Blanford and the prince head off to Egypt, where we learn that the prince is a colonel in the British Military Mission and head of the Red Cross in Egypt. Blanford meets his fellow secretaries – two Egyptians Baladi and Khanna, who will play little further role, and Affad, a Syrian, who will play a larger role. Blanford finds the position most agreeable, as he lives in luxury and has little demanding work to do. The situation improves when Sam turns up. It is Sam who asks Blanford to write to Constance for him as Blanford is the better writer. Sam appears to be enjoying the war. He even sees to enjoy watching the carnage. The prince feel that Sam, who only has a week’s leave, must be shown Egypt, which gives Durrell an excuse for one of his famous set-pieces, in this case a Nile cruise. The cruise ends up at a Coptic monastery and while they are wandering round the desert area, British artillery opens fire. Sam is killed and Blanford badly injured in the spine.
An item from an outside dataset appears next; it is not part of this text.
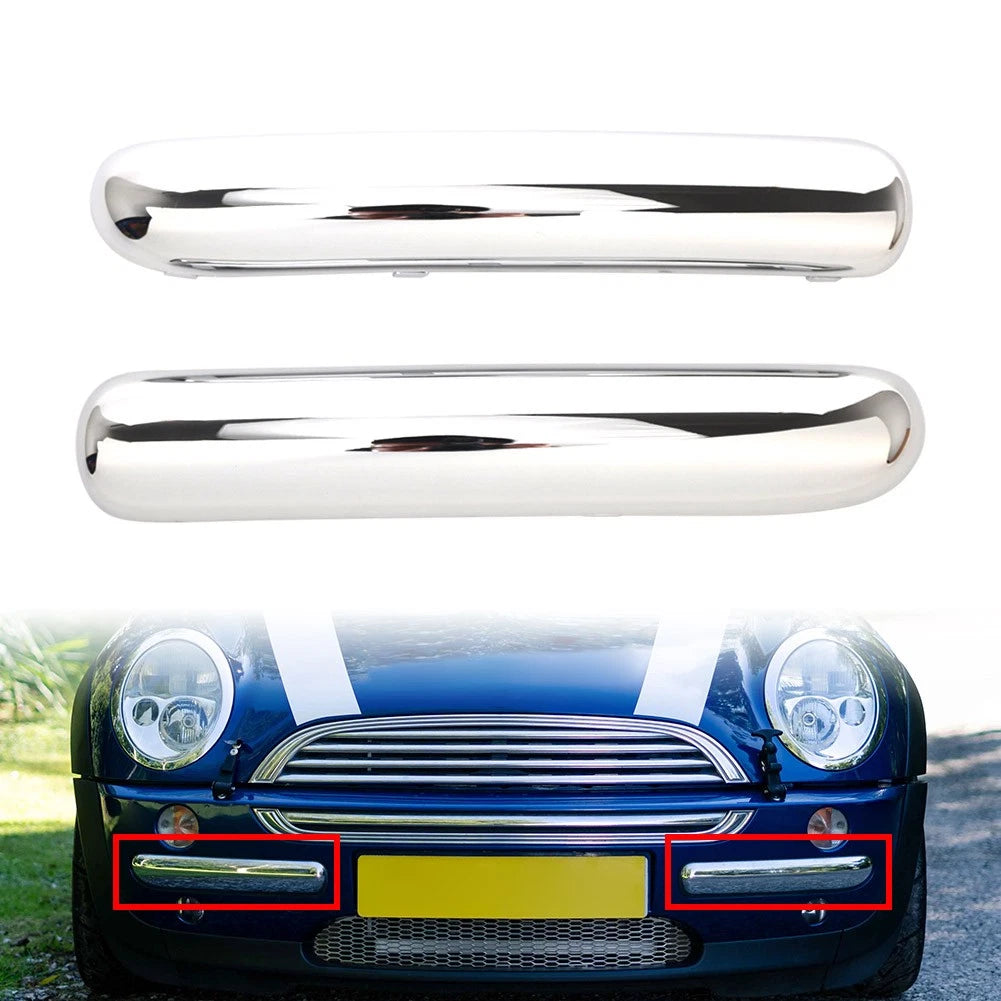 Set of 2 Front Bumper Chrome Trim Molding for Mini Cooper One Cabrio (2001–2004)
Before we follow Blanford and the prince, we meet von Esslin, an aristocratic, Catholic, German general. While he does not on the whole like the Nazis, he is a good officer and fully accepts the idea of the superiority of the German people and even, at Goebbels’ instigation, uncritically reads the Protocols of the Elders of Zion. In another Durrell set-piece, as described by von Esslin, with some glee, we learn of the German swoop first into Poland (though von Esslin is one of the few German to encounter resistance and he himself is slightly injured), then North Africa, where they meet little resistance, and then France and onto Paris. Von Esslin, both in these action and later, will take great pleasure in seeing ordinary people swept out of the way and killed, often arbitrarily. Indeed Durrell makes a great point of showing German brutality throughout the book. However, for his reward and to his disgust, he is appointed commander of Avignon, where he will be shadowed by the horrible Waffen-SS officer Fischer, to whom he takes a strong dislike (the feeling is mutual). One of von Esslin’s main tasks is to find the Templar treasure for Hitler, as there has been a prophecy that it will be found. A mummified head is found which is presented to Hitler as the head of Pompey, which will only speak when the hearer is asleep and will then prophesy the future. It is placed by Hitler’s bed.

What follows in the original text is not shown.